Ownership debates usually center on a choice between capitalism (private ownership) and socialism (government ownership). They largely avoid the foundational question: Is power shared and accountable to We the People—all the people? Similarly, discussions of individual rights, including rights of ownership, rarely note that all rights necessarily come with responsibilities.

The African Ubuntu Principle (“I am because we are”) of ecoʹnomics reminds us that Our wellbeing depends on life’s wellbeing. We must care for all of life, as life cares for us. We cannot care for ourselves, let alone for one another and Earth, if we lack the agency essential to do so. Capitalism vs. socialism is a false choice. Both public and private institutions must be accountable to We the People who in turn must act with recognition that our individual wellbeing depends on our collective wellbeing.

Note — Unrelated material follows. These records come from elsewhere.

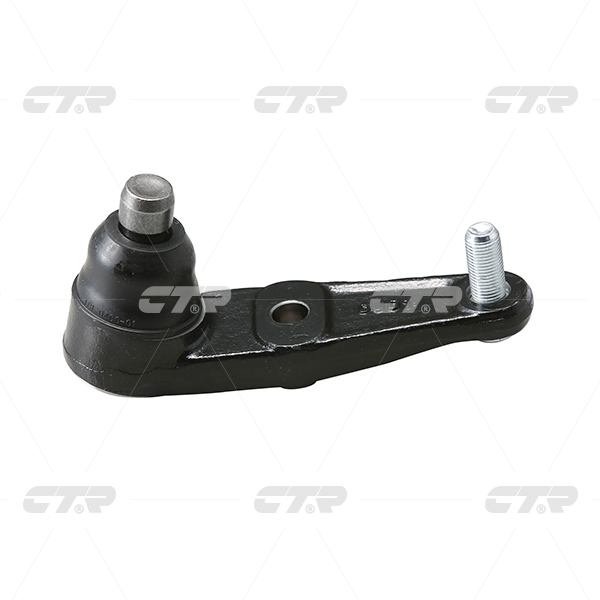 Шаровая опора нижняя Mazda 323 (BG) (89-94) 323 (BA) (94-98) CBMZ27 CTR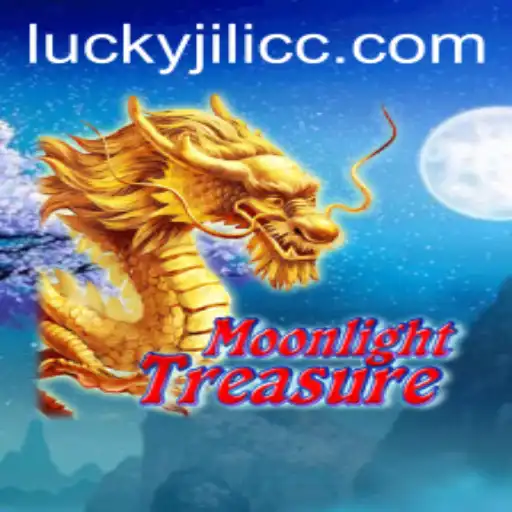 Exploring MoonlightTreasure: A Journey into Mystique and Adventure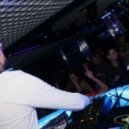 DJ Soultanoff - Special Live Mix # 3 (2014)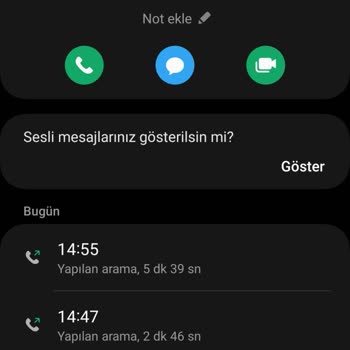 PayFix Ödeme Gelmedi Hakkında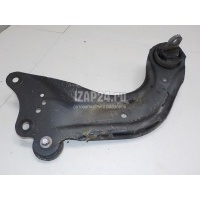 Рычаг задний продольный правый Mazda Mazda 3 (BM/BN) (2013 - 2018) B63B28200A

We might call it democratic capitalism, democratic socialism, or communitarianism,  whichever feels most comfortable. What is important is that the system distributes and localizes power and recognizes the essential responsibilities that come with being a member of a choice-making species of unusual talents. Arguing about the name rather than the substance is a diversion. The real choice is between democracy (distributed power) and monopoly (concentrated power) and between individualism (me) and communitarianism (we).

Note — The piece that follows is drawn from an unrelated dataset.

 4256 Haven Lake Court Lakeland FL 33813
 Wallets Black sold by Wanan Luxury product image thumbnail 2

The culture and institutions championed by the cult of ego’-nomics are driving the global economy toward ever greater concentration of power and corresponding dysfunction at a breathtaking rate. We are moving toward a monopoly capitalism so extreme that we can begin to imagine a world in which one person owns everything. Already the individuals who control access to a means of living for most of the world’s people could be seated around a single board room table.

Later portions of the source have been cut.